<page>
<title>APRIL</title>
.........(text contents that I need to extract and store in 1.dat including the <title> tag)
</page>
<page>
<title>August</title>
....(text contents that I need to store in 2.dat including the <title> tag)
</page>
I want to split this XML file into 16 pieces.
I used "split" command on my Linux to break this file into 16 files but what I found was that the tags were not intact. For example, the in below code, I found one file had half the content and other file had other half.
<page>
<title>August</title>
....(text contents that I need to store in 2.dat including the <title> tag)
</page>
Something like this:
<page>
<title>August</title>
....(text contents that I need to store in 2.dat including the <title> tag)
</page>
Thanks for replying. My only criteria is to split the BIG 30 GB file in to 16 pieces of around 1.8GB each. This means the files could be named as 1.part, 2.part until 16.part.
What you are referring to is to extract each of the XML segment tags and the text between them and store them in separate files. That is not my requirement. There are over 3.5 million such page tags in the BIG XML file.
If you use "split" utility in Linux, it splits the file based on certain options that you give like number of lines, size etc. I used split too but that broke out some of the tags as I have shown in my example above.
So, if I use split and break it into 1.8 Gb each, this is what I would have done:
It's easy enough with low-level programming with C (or Perl). The principle is the same as in "tail" command. You rewind the file pointer to FILESIZE/16 and go back to find the first <page> and remember the byte position, then rewind to 2*FILESIZE/16 and so on. When you get your positions you split the file with dd (or in this program).

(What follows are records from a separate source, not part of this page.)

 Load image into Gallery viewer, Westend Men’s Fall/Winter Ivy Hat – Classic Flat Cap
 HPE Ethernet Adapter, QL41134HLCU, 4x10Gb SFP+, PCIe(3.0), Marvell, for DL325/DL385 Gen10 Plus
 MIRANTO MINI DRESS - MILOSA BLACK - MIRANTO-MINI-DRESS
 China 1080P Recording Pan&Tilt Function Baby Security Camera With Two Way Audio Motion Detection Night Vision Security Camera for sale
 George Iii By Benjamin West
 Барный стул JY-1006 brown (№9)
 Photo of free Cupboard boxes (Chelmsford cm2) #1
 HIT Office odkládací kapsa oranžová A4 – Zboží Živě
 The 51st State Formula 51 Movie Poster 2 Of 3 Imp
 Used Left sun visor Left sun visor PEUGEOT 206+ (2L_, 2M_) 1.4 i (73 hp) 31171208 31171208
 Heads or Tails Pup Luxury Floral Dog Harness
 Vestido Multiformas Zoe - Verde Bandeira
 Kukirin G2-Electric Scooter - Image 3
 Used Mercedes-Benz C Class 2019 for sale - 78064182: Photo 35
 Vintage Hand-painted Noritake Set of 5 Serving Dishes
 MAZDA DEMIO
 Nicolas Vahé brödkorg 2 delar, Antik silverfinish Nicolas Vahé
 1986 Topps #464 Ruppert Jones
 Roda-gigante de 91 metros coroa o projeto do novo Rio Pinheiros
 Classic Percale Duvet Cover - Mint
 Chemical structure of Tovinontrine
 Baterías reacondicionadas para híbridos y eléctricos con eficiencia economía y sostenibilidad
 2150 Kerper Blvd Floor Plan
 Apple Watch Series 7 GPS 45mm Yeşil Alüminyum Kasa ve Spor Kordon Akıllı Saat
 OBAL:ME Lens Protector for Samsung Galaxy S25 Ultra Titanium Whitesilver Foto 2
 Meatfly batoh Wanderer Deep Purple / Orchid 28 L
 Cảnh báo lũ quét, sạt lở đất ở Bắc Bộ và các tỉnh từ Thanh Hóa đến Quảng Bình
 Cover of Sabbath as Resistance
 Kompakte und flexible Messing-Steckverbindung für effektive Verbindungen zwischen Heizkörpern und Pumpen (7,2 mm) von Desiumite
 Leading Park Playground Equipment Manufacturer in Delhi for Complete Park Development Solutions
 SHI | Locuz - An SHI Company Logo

If no one comes with a solution, I'll write a program but a little later.
So, it means that this task cannot be handled very well with simple shell scripting. It will take some time but will be worth trying in C. I'll write a program for it and put it here.
Quick & dirty and not tested thoroughly. But it prints something. If there will be problems with '\0' or with 64-bit sizes or offsets it's better to translate this to perl.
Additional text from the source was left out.